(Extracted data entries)
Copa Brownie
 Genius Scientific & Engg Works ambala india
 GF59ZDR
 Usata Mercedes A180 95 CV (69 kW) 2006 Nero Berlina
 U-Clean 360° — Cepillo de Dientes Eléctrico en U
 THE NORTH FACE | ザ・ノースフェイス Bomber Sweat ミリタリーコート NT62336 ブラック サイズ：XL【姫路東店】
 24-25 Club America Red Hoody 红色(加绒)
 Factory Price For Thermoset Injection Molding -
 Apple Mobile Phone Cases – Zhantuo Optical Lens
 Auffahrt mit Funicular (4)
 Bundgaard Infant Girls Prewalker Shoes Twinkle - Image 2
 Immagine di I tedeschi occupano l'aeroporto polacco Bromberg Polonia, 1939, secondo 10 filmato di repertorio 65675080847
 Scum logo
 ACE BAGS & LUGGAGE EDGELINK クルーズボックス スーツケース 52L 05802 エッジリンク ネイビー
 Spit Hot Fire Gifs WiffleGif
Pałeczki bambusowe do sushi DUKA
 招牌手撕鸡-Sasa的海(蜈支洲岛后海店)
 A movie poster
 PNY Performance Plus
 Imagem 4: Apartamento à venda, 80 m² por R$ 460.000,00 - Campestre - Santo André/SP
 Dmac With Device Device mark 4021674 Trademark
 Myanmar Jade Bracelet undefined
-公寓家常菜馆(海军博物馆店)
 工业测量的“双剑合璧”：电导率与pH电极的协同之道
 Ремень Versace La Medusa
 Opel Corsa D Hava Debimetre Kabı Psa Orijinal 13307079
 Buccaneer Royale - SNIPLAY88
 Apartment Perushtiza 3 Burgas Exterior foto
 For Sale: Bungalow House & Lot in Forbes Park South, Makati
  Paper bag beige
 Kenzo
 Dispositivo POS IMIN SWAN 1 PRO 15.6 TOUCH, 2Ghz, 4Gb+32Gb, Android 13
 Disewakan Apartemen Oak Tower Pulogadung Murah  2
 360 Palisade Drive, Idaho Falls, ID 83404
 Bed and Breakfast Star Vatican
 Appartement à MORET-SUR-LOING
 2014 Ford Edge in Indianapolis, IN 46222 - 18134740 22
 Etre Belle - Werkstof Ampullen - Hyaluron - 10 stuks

• [Action item] Would you please copy exactly the part of the entries above that begins at the line containing "Ремень Versace La Medusa" and ends at the line containing "Disewakan Apartemen Oak", both lines included?

• [Response to this task]
 Ремень Versace La Medusa
 Opel Corsa D Hava Debimetre Kabı Psa Orijinal 13307079
 Buccaneer Royale - SNIPLAY88
 Apartment Perushtiza 3 Burgas Exterior foto
 For Sale: Bungalow House & Lot in Forbes Park South, Makati
  Paper bag beige
 Kenzo
 Dispositivo POS IMIN SWAN 1 PRO 15.6 TOUCH, 2Ghz, 4Gb+32Gb, Android 13
 Disewakan Apartemen Oak Tower Pulogadung Murah  2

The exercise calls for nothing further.